Consider Output of $1^{st}$ flip-flop is $Q_A$ and Output of 2nd flip-flop is $Q_B$ and initially $Q_A=0,Q_B=0$ [Since, nothing is given in the question, we can assume like this and at the end, we can consider $(0,1),(1,0),(1,1)$ for both $Q_A$ and $Q_B$ and options can be eliminated easily] 

$1)$  Before $1^{st}$ falling edge of the clock: For first flip-flop, values of inputs J and K will not affect the output because flip-flop is not activated.
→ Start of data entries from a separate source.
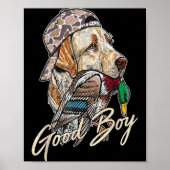 Good Boy Tee Duck Hunting Labrador Retriever For M ポスター (正面)
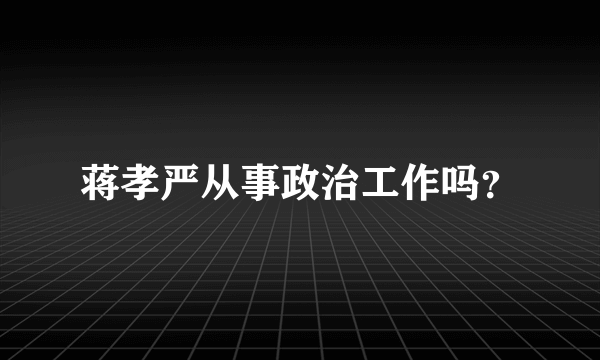 蒋孝严从事政治工作吗？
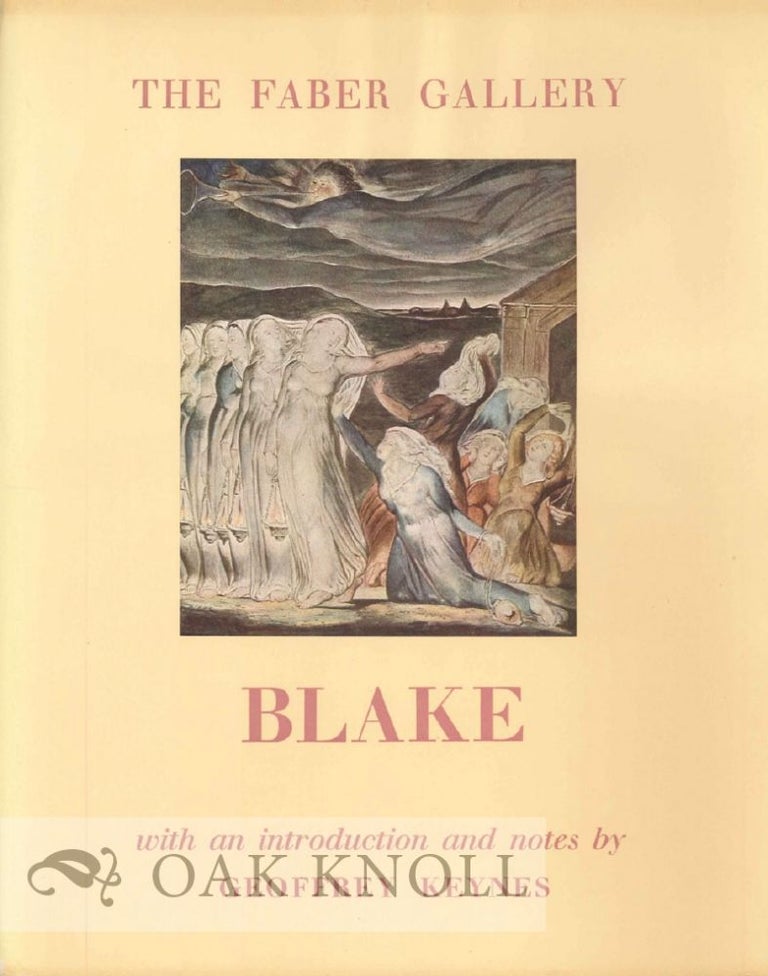 Order Nr. 6930 BLAKE (1757-1827) WITH AN INTRODUCTION AND NOTES BY GEOFFREY KEYNES. Geoffrey Keynes.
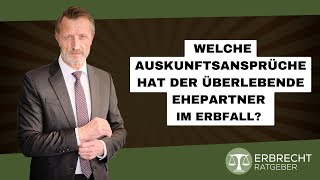 Welche Auskunftsansprüche hat der überlebende Ehepartner im Erbfall [upl. by Kumar]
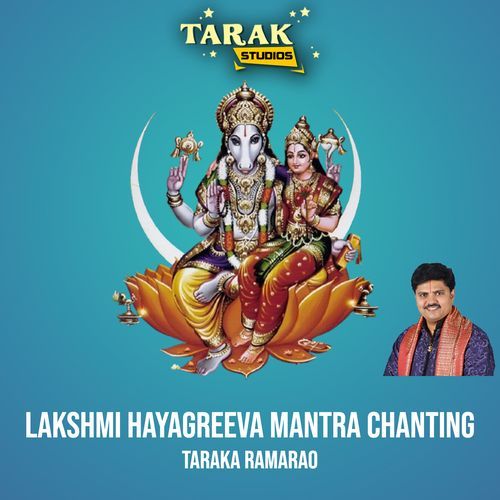 Lakshmi Hayagreeva Mantra Chanting Taraka Ramarao MP3 Download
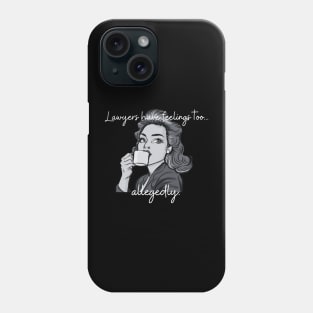 Lawyers have feelings too...allegedly! Phone Case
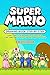 Super Mario Drawing Book St...
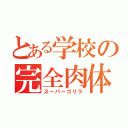 とある学校の完全肉体（スーパーゴリラ）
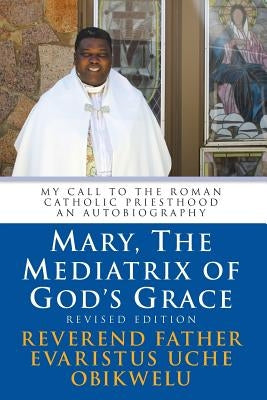 Mary, the Mediatrix of God's Grace: Revised Edition: My Call to the Roman Catholic Priesthood An Autobiography by Obikwelu, Evaristus Uche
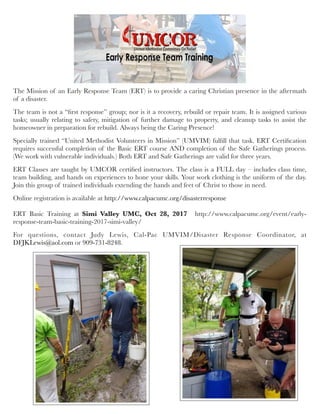 The Mission of an Early Response Team (ERT) is to provide a caring Christian presence in the aftermath
of a disaster.
The team is not a “ﬁrst response” group; nor is it a recovery, rebuild or repair team. It is assigned various
tasks; usually relating to safety, mitigation of further damage to property, and cleanup tasks to assist the
homeowner in preparation for rebuild. Always being the Caring Presence!
Specially trained “United Methodist Volunteers in Mission” (UMVIM) fulﬁll that task. ERT Certiﬁcation
requires successful completion of the Basic ERT course AND completion of the Safe Gatherings process.
(We work with vulnerable individuals.) Both ERT and Safe Gatherings are valid for three years.
ERT Classes are taught by UMCOR certiﬁed instructors. The class is a FULL day – includes class time,
team building, and hands on experiences to hone your skills. Your work clothing is the uniform of the day.
Join this group of trained individuals extending the hands and feet of Christ to those in need.
Online registration is available at http://www.calpacumc.org/disasterresponse
 
ERT Basic Training at Simi Valley UMC, Oct 28, 2017   http://www.calpacumc.org/event/early-
response-team-basic-training-2017-simi-valley/
For questions, contact Judy Lewis, Cal-Pac UMVIM/Disaster Response Coordinator, at
DFJKLewis@aol.com or 909-731-8248.
 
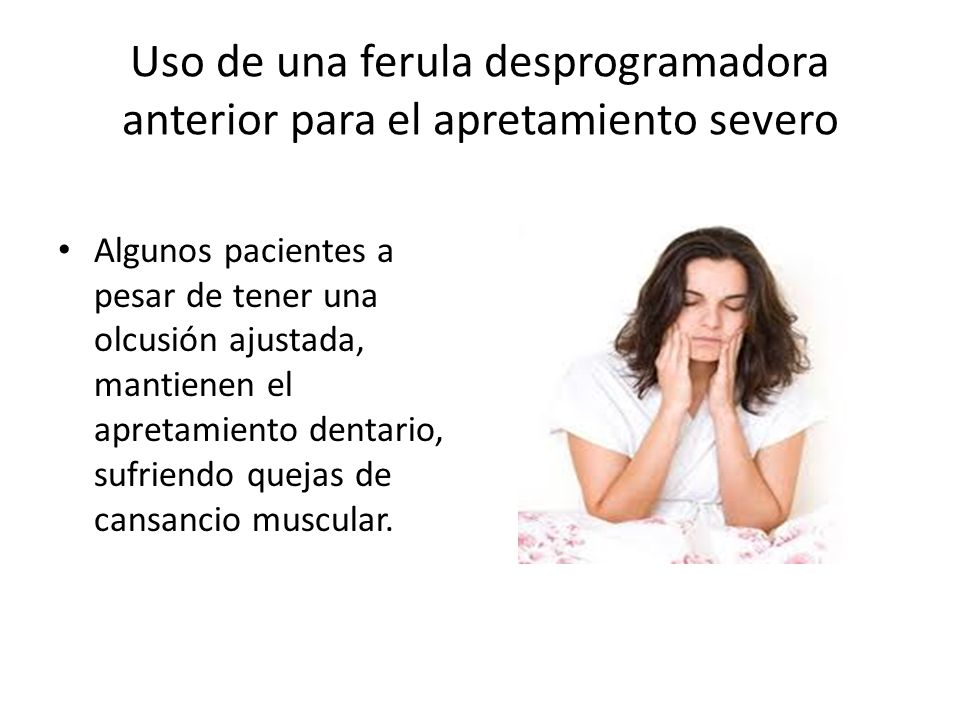Uso de una ferula desprogramadora anterior para el apretamiento severo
So, Before the 1st falling edge, $Q_A=Q_1$ will remain same i.e. zero and since, output $Q_A$ is working as clock for the second flip-flop and there is no change of $1$ to $0$ for $Q_A$, it means second flip-flop is also not activated and so,output $Q_B$ will remain same as zero and so, before $1^{st}$ falling edge, $Q_2=\overline{Q_B}=1$

$2)$ At $1^{st}$ falling edge of the clock: For first flip-flop, $J=1,K=0$, it means, flip-flop will be in the set mode and make output $Q_A =Q_1=1$ and this $Q_A=Q_1=1$ will be same for next falling edge i.e. $2^{nd}$ falling edge. Now, for the $2^{nd}$ flip-flop, $Q_A$ works as clock and recently $Q_A$ changed from $0$ to $1$, not $1$ to $0$ which is requirement to activate $2^{nd}$ flip-flop and it means $Q_2=1$ as initially before the next falling edge of the clock i.e. second falling edge of the clock. So, after $1^{st}$ falling edge of the clock and before $2^{nd}$ falling edge of the clock, $Q_1=1$ and $Q_2=1$

$3)$ At $2^{nd}$ falling edge of the clock: For first flip-flop, $J=0,K=1$, it means this flip-flop is in reset mode and so, $Q_A=Q_1$ goes from $1$ to $0$ and will remain in the same state i.e $0$ before the $3^{rd}$ falling edge. Now, for the $2^{nd}$ flip-flop, since $Q_A$ is working as clock and recently $Q_A$ changed from $1$ to $0$ and so, $2^{nd}$ flip-flop will get activated and at this point of time, for this second flip-flop, $J=\overline{Q_B}= 1,K=1$($Q_B$ is taken from previous state of second flip-flop), so, second flip-flop will be in the toggle mode and so, $Q_B=1$ before the $3^{rd}$ falling edge of the clock and it means, $Q_2= \overline{Q_B}=0$ for before the $3^{rd}$ falling edge of the clock.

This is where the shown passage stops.